Palavras-chave: portunhol; translíngua; pedagogia translíngue.

ABSTRACT

This article challenges the perspective which links portuñol to the concept of interlanguage, leading language learners both to errors and to failure, as well as causing them not to progressing toward a proficiency in Spanish. From the standpoint of Sociolinguistics and discourse studies, the aim is to launch a conception of the portuñol produced in the Spanish language classroom as translanguaging, a product of a border epistemology. Thus, it is proposed a translanguaging pedagogy for Spanish teaching grounded on the movement between the linguistic borders of Portuguese and Spanish, as well as on the movement that the learner produces as a Portuguese speaker in order to create meanings in the Spanish language classroom.

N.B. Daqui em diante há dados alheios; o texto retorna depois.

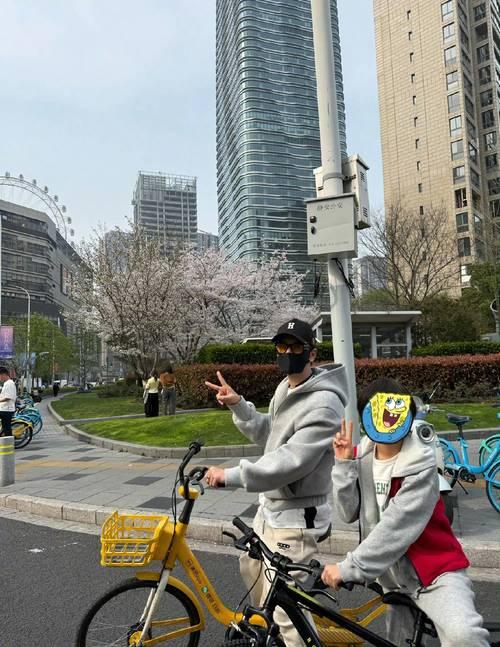 4月5日，黄晓明就带9岁儿子骑行上路引发争议公开道歉。他坦言假期亲子骑行疏忽法规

Keywords: portuñol; translanguaging; translanguaging pedagogy.

INTRODUÇÃO

No âmbito do ensino de espanhol no Brasil, o portunhol é caracterizado como uma "mistura" entre o português e o espanhol, geralmente associada ao domínio insuficiente de um sujeito que se encontra em processo de aquisição da língua espanhola. Dessa forma, falar portunhol na sala de aula significaria "uma maneira errada" ou "falar mal" espanhol, referindo-se às produções linguísticas realizadas pelos aprendizes durante o processo de aprendizagem da língua espanhola (REIS, 2010; MOTA, 2012).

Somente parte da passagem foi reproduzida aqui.